* _Activity_
Pictures aside, reproduce exactly and only the lines from the one containing "Bộ 2 Đèn LED" through the end of the records.

* _Recorded data_
=====

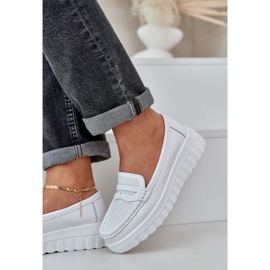 Kvinnors OpenWork Leather Loafers på vit plattform 6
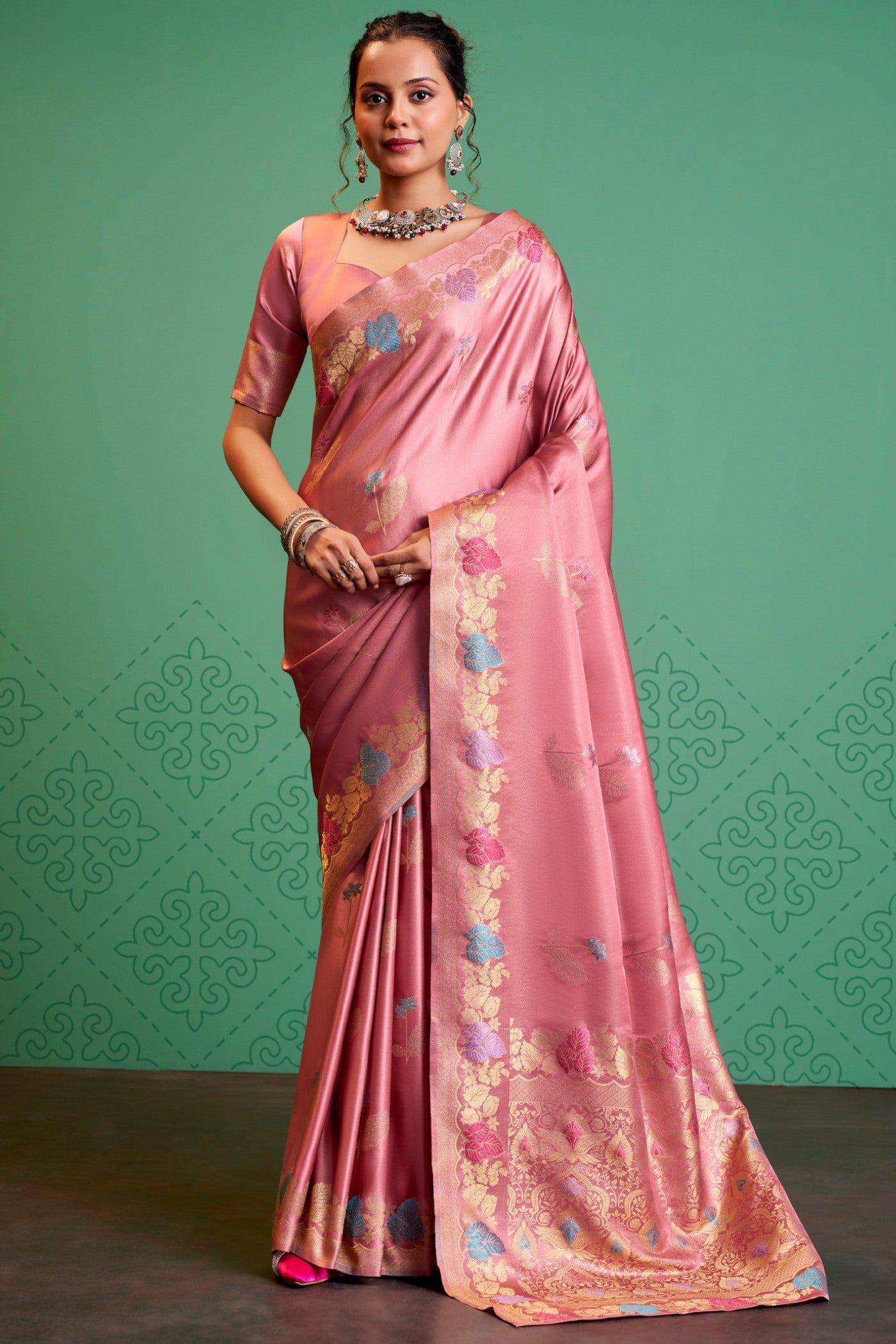 Buy MySilkLove Rosy Pink Handloom Satin Silk Saree Online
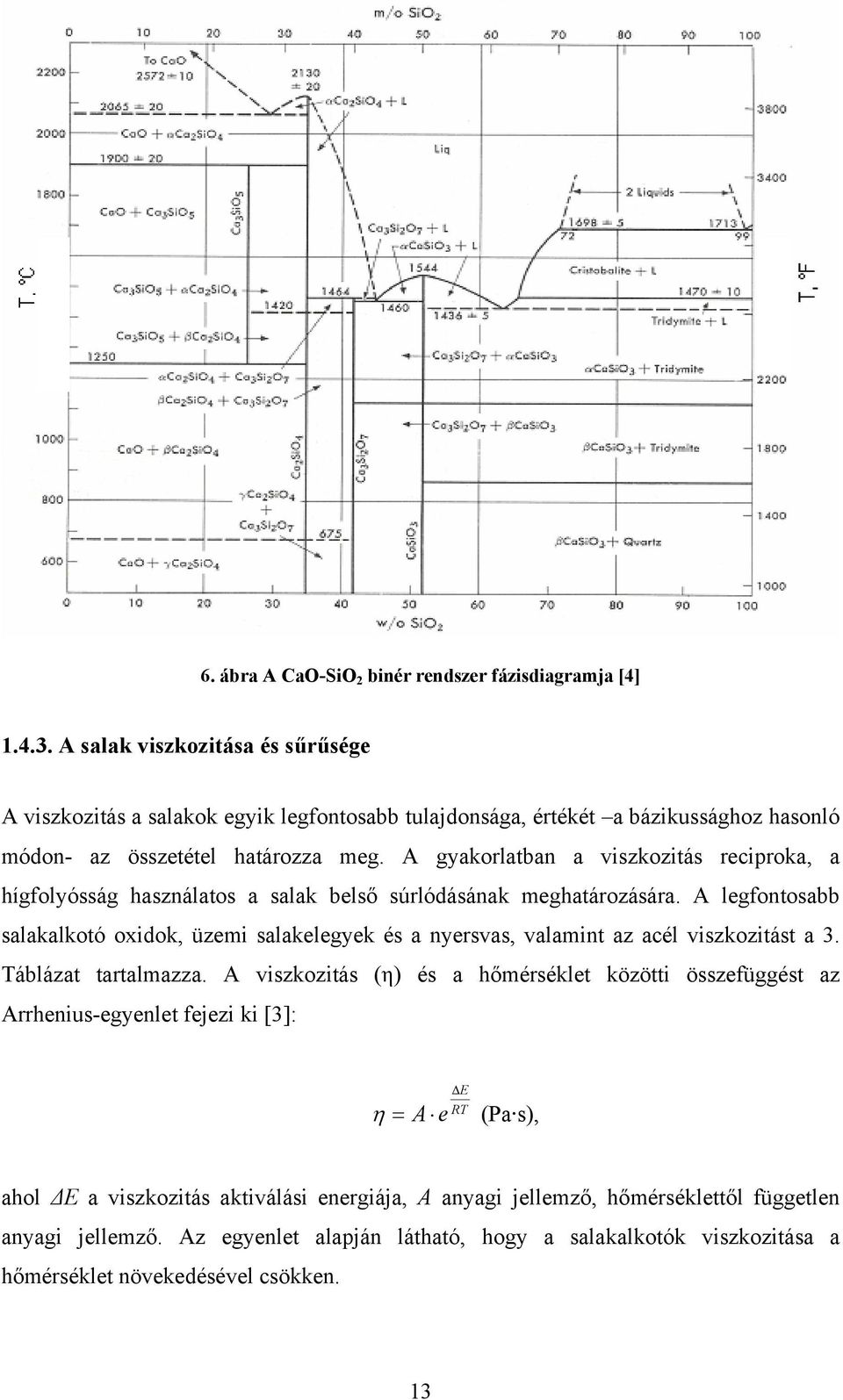 A gyakorlatban a viszkozitás reciproka, a hígfolyósság használatos a salak belső súrlódásának meghatározására.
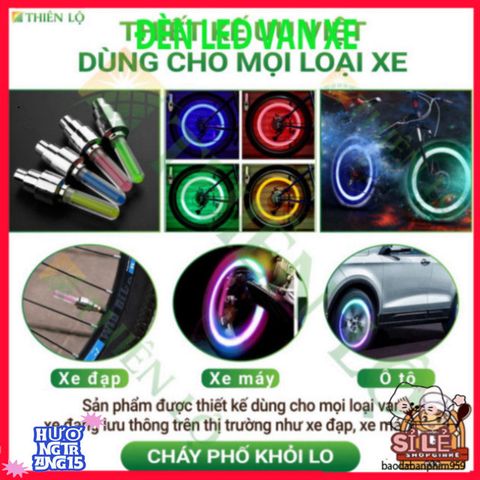 Bộ 2 Đèn LED Trang Trí Nắp Van Bánh Xe Ô Tô, Xe Máy, Xe Đạp - Ánh Sáng Rực Rỡ, Tự Động Bật Khi Di Chuyển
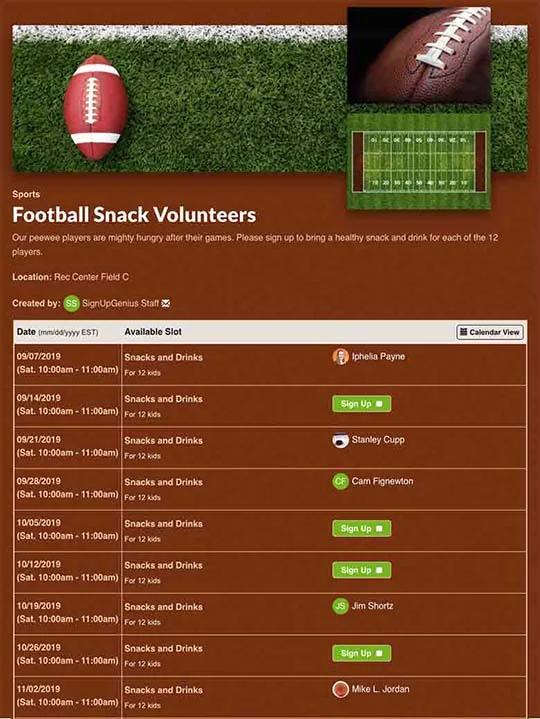 football sign up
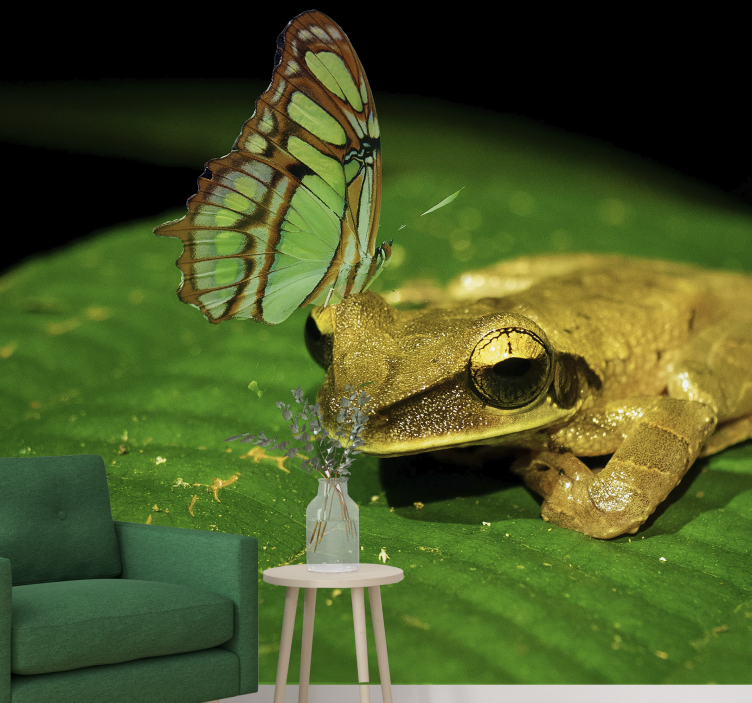 Tapisserie animaux grenouille et papillon - TenStickers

=====

* _Output for this task_
 Bộ 2 Đèn LED Trang Trí Nắp Van Bánh Xe Ô Tô, Xe Máy, Xe Đạp - Ánh Sáng Rực Rỡ, Tự Động Bật Khi Di Chuyển
 football sign up
 Tapisserie animaux grenouille et papillon - TenStickers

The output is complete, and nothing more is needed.